BEGIN RECORDS
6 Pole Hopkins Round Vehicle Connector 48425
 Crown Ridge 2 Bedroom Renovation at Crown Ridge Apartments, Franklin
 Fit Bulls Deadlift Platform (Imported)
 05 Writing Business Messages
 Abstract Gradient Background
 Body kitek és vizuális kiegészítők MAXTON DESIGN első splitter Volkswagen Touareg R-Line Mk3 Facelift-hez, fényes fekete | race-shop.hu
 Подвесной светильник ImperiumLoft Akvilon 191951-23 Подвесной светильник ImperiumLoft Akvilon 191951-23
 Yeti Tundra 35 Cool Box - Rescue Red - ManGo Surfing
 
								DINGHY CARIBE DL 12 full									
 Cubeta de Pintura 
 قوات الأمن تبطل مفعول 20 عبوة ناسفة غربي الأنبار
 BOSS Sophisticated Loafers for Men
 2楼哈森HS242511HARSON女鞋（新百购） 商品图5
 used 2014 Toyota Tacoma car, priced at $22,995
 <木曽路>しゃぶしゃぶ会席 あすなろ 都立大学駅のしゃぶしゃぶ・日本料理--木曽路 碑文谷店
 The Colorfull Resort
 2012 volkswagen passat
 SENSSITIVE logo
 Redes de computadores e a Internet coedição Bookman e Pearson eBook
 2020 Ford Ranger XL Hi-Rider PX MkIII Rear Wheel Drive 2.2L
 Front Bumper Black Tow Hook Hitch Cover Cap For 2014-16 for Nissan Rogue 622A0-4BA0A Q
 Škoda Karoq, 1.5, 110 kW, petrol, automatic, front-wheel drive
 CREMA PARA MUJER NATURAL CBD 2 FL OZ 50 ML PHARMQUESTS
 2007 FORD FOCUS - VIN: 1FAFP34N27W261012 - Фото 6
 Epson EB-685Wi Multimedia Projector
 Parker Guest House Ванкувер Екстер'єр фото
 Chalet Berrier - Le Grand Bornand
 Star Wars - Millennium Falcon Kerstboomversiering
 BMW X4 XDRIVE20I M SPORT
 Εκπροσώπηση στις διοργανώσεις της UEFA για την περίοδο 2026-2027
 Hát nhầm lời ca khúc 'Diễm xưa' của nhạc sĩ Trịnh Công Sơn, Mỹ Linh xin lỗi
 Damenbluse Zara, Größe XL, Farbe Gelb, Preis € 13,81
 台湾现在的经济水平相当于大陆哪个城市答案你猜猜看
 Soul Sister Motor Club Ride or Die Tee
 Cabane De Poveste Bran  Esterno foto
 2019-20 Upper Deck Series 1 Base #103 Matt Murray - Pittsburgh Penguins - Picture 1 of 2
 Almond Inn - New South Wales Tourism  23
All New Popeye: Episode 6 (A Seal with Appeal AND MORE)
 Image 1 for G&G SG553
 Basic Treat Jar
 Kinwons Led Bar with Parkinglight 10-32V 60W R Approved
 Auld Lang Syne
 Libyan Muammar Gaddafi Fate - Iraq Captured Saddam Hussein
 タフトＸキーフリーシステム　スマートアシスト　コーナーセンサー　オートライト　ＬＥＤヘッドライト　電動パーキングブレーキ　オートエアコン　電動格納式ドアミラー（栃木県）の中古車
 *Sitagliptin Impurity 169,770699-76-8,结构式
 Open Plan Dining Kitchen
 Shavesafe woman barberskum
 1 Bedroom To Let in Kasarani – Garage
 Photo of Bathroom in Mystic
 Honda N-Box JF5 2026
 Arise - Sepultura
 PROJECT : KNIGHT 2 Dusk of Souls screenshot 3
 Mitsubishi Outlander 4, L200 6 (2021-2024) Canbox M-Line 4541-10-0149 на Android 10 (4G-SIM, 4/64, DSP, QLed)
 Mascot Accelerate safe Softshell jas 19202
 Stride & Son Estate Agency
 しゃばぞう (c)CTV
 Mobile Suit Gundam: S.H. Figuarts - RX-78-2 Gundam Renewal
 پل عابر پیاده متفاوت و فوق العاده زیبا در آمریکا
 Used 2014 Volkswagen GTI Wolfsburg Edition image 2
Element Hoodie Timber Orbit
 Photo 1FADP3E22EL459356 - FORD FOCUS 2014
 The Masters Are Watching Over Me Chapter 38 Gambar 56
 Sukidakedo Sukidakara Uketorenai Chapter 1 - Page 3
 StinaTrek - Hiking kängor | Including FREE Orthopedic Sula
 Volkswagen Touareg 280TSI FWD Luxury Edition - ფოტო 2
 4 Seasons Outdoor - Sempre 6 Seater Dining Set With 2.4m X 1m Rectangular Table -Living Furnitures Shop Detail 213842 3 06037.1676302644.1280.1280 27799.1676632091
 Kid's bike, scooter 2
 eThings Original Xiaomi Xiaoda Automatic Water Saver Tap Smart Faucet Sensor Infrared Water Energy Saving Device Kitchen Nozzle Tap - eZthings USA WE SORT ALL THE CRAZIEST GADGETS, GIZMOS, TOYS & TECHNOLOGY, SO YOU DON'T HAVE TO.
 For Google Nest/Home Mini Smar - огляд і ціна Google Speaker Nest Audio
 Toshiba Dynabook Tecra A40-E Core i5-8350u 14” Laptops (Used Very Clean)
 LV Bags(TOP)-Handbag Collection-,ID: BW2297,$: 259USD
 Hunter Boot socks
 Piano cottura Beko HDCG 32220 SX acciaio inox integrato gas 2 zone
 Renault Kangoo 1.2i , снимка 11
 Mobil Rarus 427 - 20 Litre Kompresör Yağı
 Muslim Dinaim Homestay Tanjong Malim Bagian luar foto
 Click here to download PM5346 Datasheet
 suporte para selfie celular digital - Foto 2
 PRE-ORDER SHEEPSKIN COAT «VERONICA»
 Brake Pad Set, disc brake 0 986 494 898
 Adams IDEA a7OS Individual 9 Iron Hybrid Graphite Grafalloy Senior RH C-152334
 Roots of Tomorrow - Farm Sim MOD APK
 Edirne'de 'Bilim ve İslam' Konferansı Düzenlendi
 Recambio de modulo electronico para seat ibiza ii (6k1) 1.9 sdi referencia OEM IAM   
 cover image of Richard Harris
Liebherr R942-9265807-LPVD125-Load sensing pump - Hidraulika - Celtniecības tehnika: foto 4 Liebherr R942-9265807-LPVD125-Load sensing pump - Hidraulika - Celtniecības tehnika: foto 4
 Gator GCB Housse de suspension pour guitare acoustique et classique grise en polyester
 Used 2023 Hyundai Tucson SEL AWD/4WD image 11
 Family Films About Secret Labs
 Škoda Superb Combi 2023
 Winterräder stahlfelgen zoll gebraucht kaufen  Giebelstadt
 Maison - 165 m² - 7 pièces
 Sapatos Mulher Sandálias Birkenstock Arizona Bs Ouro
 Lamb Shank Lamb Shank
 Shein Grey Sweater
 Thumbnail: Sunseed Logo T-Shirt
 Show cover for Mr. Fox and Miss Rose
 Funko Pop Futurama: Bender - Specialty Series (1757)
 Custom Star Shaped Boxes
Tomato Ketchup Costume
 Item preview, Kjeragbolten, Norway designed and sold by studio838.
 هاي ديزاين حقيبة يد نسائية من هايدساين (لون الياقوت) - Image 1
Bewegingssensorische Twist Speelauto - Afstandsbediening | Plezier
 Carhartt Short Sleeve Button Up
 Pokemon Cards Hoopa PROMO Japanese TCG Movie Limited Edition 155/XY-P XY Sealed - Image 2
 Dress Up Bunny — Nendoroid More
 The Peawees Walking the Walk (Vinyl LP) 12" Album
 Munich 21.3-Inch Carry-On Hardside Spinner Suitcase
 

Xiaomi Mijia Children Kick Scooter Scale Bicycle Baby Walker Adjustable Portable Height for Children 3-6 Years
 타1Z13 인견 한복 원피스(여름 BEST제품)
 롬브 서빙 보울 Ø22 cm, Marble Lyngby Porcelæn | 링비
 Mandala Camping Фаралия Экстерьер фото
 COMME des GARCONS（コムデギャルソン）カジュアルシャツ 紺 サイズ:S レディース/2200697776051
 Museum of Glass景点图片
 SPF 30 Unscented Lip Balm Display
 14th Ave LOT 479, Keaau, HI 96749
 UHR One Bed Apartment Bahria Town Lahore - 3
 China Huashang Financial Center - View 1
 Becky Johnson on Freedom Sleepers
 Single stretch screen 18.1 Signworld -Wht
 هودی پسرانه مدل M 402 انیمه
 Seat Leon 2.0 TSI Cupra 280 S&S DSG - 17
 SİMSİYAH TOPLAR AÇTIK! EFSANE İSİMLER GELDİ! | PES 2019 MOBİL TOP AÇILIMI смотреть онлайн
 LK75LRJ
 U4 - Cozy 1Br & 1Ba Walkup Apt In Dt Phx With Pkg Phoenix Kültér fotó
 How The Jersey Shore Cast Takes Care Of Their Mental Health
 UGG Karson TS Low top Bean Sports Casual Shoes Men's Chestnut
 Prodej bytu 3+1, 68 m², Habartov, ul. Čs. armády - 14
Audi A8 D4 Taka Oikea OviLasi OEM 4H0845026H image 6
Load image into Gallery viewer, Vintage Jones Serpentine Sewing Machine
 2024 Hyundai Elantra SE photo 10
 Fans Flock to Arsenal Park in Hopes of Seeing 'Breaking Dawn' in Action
END RECORDS
* [WHAT YOU WILL DO]: Copying word for word, give each line of the data above from the first one through the line containing "Škoda Karoq, 1.5, 110", and nothing else.

* [TASK OUTPUT]:
6 Pole Hopkins Round Vehicle Connector 48425
 Crown Ridge 2 Bedroom Renovation at Crown Ridge Apartments, Franklin
 Fit Bulls Deadlift Platform (Imported)
 05 Writing Business Messages
 Abstract Gradient Background
 Body kitek és vizuális kiegészítők MAXTON DESIGN első splitter Volkswagen Touareg R-Line Mk3 Facelift-hez, fényes fekete | race-shop.hu
 Подвесной светильник ImperiumLoft Akvilon 191951-23 Подвесной светильник ImperiumLoft Akvilon 191951-23
 Yeti Tundra 35 Cool Box - Rescue Red - ManGo Surfing
 
								DINGHY CARIBE DL 12 full									
 Cubeta de Pintura 
 قوات الأمن تبطل مفعول 20 عبوة ناسفة غربي الأنبار
 BOSS Sophisticated Loafers for Men
 2楼哈森HS242511HARSON女鞋（新百购） 商品图5
 used 2014 Toyota Tacoma car, priced at $22,995
 <木曽路>しゃぶしゃぶ会席 あすなろ 都立大学駅のしゃぶしゃぶ・日本料理--木曽路 碑文谷店
 The Colorfull Resort
 2012 volkswagen passat
 SENSSITIVE logo
 Redes de computadores e a Internet coedição Bookman e Pearson eBook
 2020 Ford Ranger XL Hi-Rider PX MkIII Rear Wheel Drive 2.2L
 Front Bumper Black Tow Hook Hitch Cover Cap For 2014-16 for Nissan Rogue 622A0-4BA0A Q
 Škoda Karoq, 1.5, 110 kW, petrol, automatic, front-wheel drive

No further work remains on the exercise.